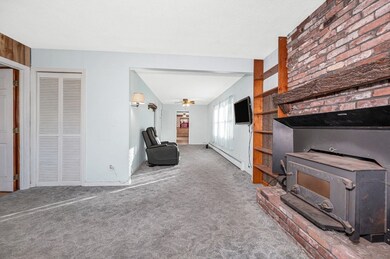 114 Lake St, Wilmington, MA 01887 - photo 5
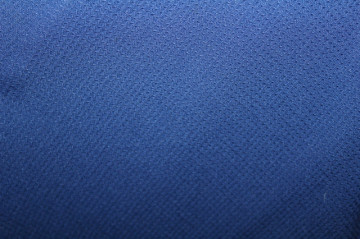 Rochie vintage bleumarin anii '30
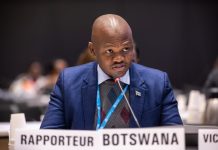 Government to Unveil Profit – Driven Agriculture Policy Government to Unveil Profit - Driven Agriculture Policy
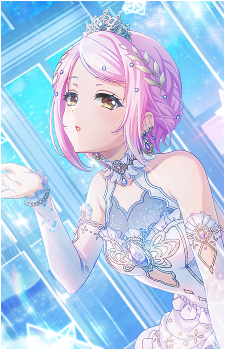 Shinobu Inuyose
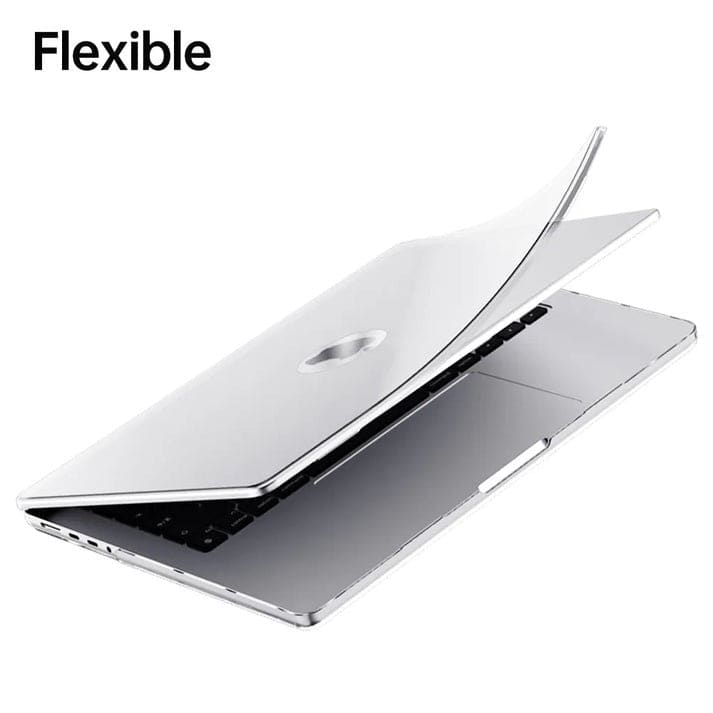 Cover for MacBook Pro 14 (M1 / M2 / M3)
--
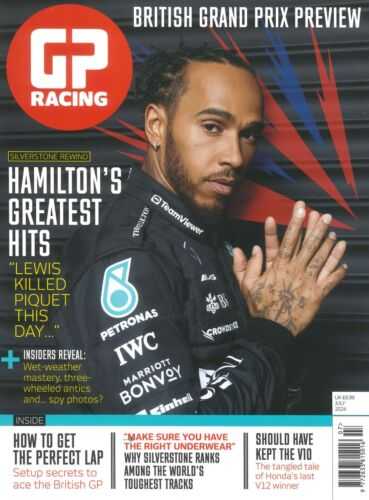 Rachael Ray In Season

■ Required work:
Take only the lines above from the one that has "114 Lake St, Wilmington, MA 01887 - photo 5" through the one that has "Cover for MacBook Pro 14 (M1 / M2 / M3)" and reproduce them exactly, omitting any pictures.

■ Exercise solution:
 114 Lake St, Wilmington, MA 01887 - photo 5
 Rochie vintage bleumarin anii '30
 Government to Unveil Profit – Driven Agriculture Policy Government to Unveil Profit - Driven Agriculture Policy
 Shinobu Inuyose
 Cover for MacBook Pro 14 (M1 / M2 / M3)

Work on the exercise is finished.